The finalists for the 2010 Dayton Literary Peace Prize were recently announced, and listed in the fiction category is Marlon James's The Book of Night Women. A literary peace prize? I wondered upon hearing the news. Of course, I immediately thought of it in terms of the granddaddy of Peace prizes--the Nobel Peace Prize--one of which was won by President Barack Obama last year. Add literature or literary to the notion of peace prize and what do you get? Can there be such a thing as a book worthy of being prized for promoting peace? Better yet, can a work of fiction be so powerful?
A look at the other works of fiction listed with James's Night Women doesn't inform me much, since I haven't read them (though Adiche's The Thing Around Your Neck is on my wishlist). But a look at past winners and those given lifetime achievement awards could give some perspective on the prize: Junot Diaz for fiction in 2008; Edwidge Danticat for nonfiction in 2008; Thomas Friedman, a runner-up for nonfiction in 2009; Elie Weisel received a lifetime achievement award in 2007; and Studs Terkel received same in 2006.
Junot Diaz and Edwidge Danticat have been getting a lot of attention and have been somewhat singled out from amongst other Caribbean writers as cultural spokespersons. Diaz's first book, and first attention-grabber, Drown, was such an exciting first mainly because of its young characters and the language they spoke, which I recall resonated with young Hispanics I taught in New Jersey classrooms (most if not all the characters were Dominican immigrants living in a heavily Dominican-populated part of New Jersey's Brunswick area). For many of our students it was (finally!) stories about people whose lives they knew and whose language--slang Spanish / slang English--they themselves spoke. I watched them take pride in owning Drown and its characters and as a result take ownership of the literature course I was offering them. That experience was repeated every time I included the book in a syllabus.
My teaching experience with Danticat's works has been more or less the same: students who shared part or all of her experiences as an immigrant, a woman, a black woman, a black woman from Haiti, always delighted in telling me and each other how much they related to her experiences and to those of her characters.
But those are all context-laden experiences with the books and the authors. In a classroom setting we have markers in place to manipulate peoples' experiences with a given text that are not necessarily in place in the outside world. How do we then judge the effect of a book on readers outside of the classroom setting? How have The Brief and Wondrous Life Of Oscar Wao, and Brother, I'm Dying been effective at promoting peace?
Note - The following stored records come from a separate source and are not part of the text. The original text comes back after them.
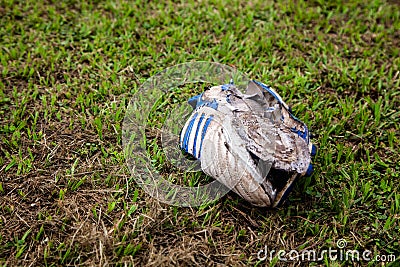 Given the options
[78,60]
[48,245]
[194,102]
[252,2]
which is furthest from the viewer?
[252,2]

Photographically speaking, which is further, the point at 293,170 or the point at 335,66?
the point at 335,66

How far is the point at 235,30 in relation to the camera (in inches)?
129

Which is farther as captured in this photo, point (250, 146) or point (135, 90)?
point (135, 90)

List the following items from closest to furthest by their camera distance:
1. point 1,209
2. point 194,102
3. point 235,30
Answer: point 1,209 → point 194,102 → point 235,30

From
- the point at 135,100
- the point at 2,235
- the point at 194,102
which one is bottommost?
the point at 2,235

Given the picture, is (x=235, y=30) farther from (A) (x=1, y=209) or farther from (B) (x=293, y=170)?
(A) (x=1, y=209)

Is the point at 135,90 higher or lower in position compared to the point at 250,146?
lower

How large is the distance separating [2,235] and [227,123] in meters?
1.10

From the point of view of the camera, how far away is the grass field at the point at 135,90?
2084mm

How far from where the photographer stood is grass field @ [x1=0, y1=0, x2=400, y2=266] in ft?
6.84

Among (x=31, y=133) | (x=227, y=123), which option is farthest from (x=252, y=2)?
(x=31, y=133)

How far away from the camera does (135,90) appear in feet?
9.15

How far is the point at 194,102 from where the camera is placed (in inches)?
98.3

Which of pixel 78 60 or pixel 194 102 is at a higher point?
pixel 194 102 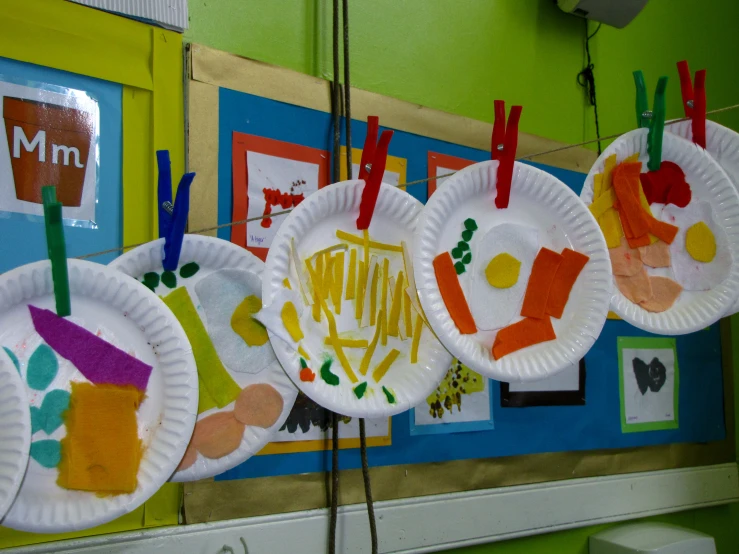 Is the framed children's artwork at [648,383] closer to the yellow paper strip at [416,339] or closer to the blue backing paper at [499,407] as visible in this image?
the blue backing paper at [499,407]

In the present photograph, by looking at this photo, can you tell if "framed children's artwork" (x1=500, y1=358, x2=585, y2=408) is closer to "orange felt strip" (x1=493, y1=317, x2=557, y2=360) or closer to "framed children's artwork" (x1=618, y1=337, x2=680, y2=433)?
"framed children's artwork" (x1=618, y1=337, x2=680, y2=433)

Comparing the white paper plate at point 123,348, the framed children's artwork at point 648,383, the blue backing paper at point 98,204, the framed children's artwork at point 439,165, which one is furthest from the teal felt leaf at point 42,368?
the framed children's artwork at point 648,383

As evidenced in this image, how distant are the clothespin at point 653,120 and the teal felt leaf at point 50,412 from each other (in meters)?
0.76

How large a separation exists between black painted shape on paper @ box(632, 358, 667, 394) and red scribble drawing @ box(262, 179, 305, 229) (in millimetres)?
931

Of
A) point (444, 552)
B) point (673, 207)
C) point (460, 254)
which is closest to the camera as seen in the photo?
point (460, 254)

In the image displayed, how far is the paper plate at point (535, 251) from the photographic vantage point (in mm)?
706

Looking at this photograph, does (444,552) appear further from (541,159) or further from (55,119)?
(55,119)

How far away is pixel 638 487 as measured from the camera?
1429 millimetres

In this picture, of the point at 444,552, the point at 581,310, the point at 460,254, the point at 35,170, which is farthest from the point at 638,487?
the point at 35,170

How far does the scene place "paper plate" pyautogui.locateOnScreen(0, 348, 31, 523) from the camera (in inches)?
20.9

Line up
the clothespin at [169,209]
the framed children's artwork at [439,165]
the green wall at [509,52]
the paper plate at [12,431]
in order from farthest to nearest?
the framed children's artwork at [439,165]
the green wall at [509,52]
the clothespin at [169,209]
the paper plate at [12,431]

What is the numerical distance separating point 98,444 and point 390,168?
0.69 meters

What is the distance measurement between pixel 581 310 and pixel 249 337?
0.40 meters

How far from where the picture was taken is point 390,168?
1.11 metres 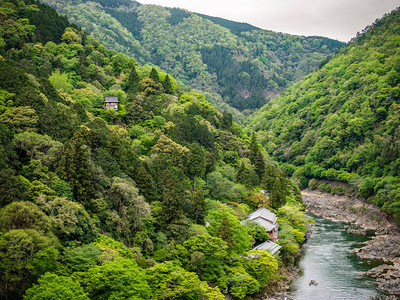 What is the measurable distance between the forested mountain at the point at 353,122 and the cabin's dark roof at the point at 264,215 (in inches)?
1097

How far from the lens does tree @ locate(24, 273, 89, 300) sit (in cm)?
2745

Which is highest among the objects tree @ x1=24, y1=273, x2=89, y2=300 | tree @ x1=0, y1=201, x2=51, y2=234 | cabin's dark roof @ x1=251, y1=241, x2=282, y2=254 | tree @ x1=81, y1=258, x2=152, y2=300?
tree @ x1=0, y1=201, x2=51, y2=234

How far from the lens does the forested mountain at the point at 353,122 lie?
345 ft

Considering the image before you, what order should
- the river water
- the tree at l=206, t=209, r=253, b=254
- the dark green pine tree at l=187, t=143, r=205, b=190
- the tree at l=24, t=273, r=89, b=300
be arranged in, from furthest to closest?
1. the dark green pine tree at l=187, t=143, r=205, b=190
2. the river water
3. the tree at l=206, t=209, r=253, b=254
4. the tree at l=24, t=273, r=89, b=300

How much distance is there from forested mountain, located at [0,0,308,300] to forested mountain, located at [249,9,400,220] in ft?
123

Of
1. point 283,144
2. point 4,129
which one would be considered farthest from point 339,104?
point 4,129

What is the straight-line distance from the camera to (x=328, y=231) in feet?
265

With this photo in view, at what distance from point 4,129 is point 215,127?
205 ft

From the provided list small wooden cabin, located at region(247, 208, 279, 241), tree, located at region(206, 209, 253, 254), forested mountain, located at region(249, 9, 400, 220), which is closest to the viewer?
tree, located at region(206, 209, 253, 254)

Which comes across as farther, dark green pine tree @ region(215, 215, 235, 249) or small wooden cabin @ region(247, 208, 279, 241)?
small wooden cabin @ region(247, 208, 279, 241)

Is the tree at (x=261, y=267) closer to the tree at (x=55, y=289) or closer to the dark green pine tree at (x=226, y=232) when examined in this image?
the dark green pine tree at (x=226, y=232)

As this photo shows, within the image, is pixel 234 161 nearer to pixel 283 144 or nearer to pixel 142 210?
pixel 142 210

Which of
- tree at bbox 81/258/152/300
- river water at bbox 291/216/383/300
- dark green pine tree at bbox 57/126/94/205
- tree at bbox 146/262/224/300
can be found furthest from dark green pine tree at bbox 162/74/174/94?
tree at bbox 81/258/152/300

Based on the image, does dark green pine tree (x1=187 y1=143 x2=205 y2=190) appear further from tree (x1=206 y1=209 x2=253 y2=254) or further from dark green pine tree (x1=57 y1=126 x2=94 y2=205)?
dark green pine tree (x1=57 y1=126 x2=94 y2=205) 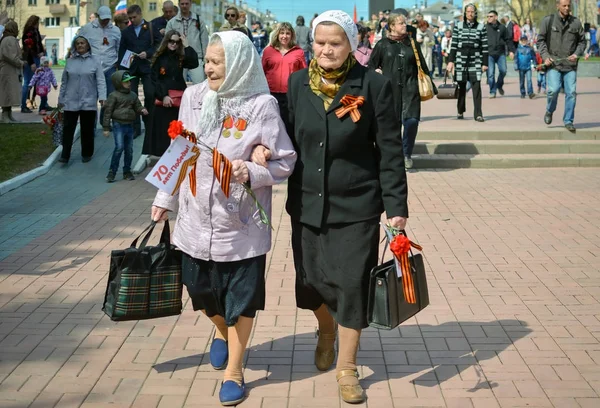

Peace for whom? I'd go as far as saying my students (a few hundred over the years, many of whom belong to "minority" categories in America) who have interacted with Diaz's and Danticat's earlier works have achieved critical levels of understanding (peace too) about reading, writing, and cultural relations in my college classrooms with the help of the writers' works. What are the markers for assessing their effect on readers outside of the classroom? Should we even care about such readers? Do book sales tell the story about who's reading and being (positively) affected by what they read?
When we look at the Dayton lifetime achievement awards recipients, the picture about cause and effect gets a lot clearer. Elie Weisel (a Nobel Peace Prize winner--1986) is a worldwide prolific activist and has influenced the way the Holocaust is remembered and talked about in many parts of the world today. And Studs Terkel's interviews with Americans on the subject of race (most memorable being his interview with C.P. Ellis, a reformed member of the KKK) have been described as having helped establish oral history as an important historical genre in America. So if you're talking peace, influential, literary . . . agents for change and understanding here in America and other identifiable and unidentifiable parts of the world, Wiesel and Terkel would definitely enter the conversation. These days, given his much-discussed theories on globalization and the green revolution, Thomas Friedman may quite easily enter into said conversation as well.
And now about Marlon James's Night Women.... Where would it fit in a discussion about books (authors) that promote peace or understanding about something or other? If the subject in Night Women is something like "Women, Slavery & The Caribbean," is there a message, an offering, of peace and understanding concerning that subject? Does it bring new awareness? Does it have the potential to change a mindset?
Rather than hedge at answers to those rather challenging questions (questions which NO WORK OF FICTION should ever be judged by), I'll say that much like I (and others) celebrated the narrow, but valid sentimental markers upon which President Obama's worthiness of a Nobel Peace Prize was judged--he won the election and the whole world (it seemed) celebrated, dammit!--I think Marlon James's brazen, defiant, Caribbean women who wield power with words and actions, who represent an ancestry people from the English / Patois speaking Caribbean like me claim with pride, and who--in the manner of Diaz's and Danticat's cultural characters--have the potential to teach others (certainly in the classroom) certain truths about who we are and where we came from, deserve to be honored as exemplary firsts of their particular literary kind.